Il se perd, cet homme, en Inde. Cet homme dont on ne sait rien, sauf qu’il a violemment aimé, voilà des années, une femme nommée Joy Archer. Elle vivait en Inde et il l’avait rencontrée par hasard au cours d’un voyage. S’il n’a rien oublié de leur passion fulgurante, il n’avait plus eu de nouvelles d’elle jusqu’à cette lettre énigmatique qu’elle lui a envoyée il y a peu. Alors il est parti à sa recherche. Mais qui est, au fond, Joy Archer ? Le narrateur se fait enquêteur, archéologue aussi, penché sur les vestiges de leur amour. Ambiance moite, mystères opaques, incertitude et irrésolution, la première nouvelle de ce recueil nous plonge dans ce qui fait l’essence même de l’écriture de François Emmanuel. Une écriture que l’on pourrait qualifier de proustienne si le terme n’avait pas été si galvaudé. L’auteur de « La question humaine », de « Regarde la vague » ou encore du « Vent dans la maison » prolonge ici un propos entamé dans des textes précédents, notamment dans « Cheyenn », paru en 2011 : la disparition.
Disparition des êtres aimés que l’on n’a pas assez questionnés et qui nous laissent, pour l’éternité, en proie à nos doutes, nos interrogations, nos remords. Dans la deuxième nouvelle, un homme reçoit un curieux message signé du mari d’une ancienne amante : il le convoque, littéralement, et veut le rencontrer pour parler d’elle, dont on ne saura que la première lettre du prénom, L., elle qui a disparu. La dernière nouvelle est peut-être la plus riche de ce recueil auquel d’ailleurs elle donne son titre.

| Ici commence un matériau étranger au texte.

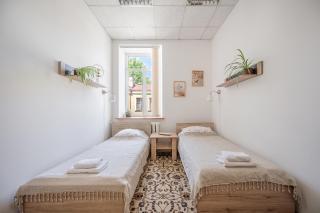 Studija Mona - 1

Un grand écrivain de langue espagnole vient de mourir. Dans sa maison au bord de la plage, fermée comme un bunker, s’affrontent sa deuxième épouse, la superficielle et médiatique Maria Tarai, et sa fille Xénia, beauté mystérieuse et intense. Le narrateur se déplace comme une ombre dans les corridors de la maison. Il est le secrétaire du grand écrivain, et à ce titre connait ses secrets les plus intimes. Mais que doit-on trahir pour rester fidèle ?
François Emmanuel nous touche au plus profond de nous-mêmes, faisant surgir des images, des émotions, par une phrase qui cherche à être au plus près des sensations, s’éloigne en digressions pour, toujours, trouver le mot juste.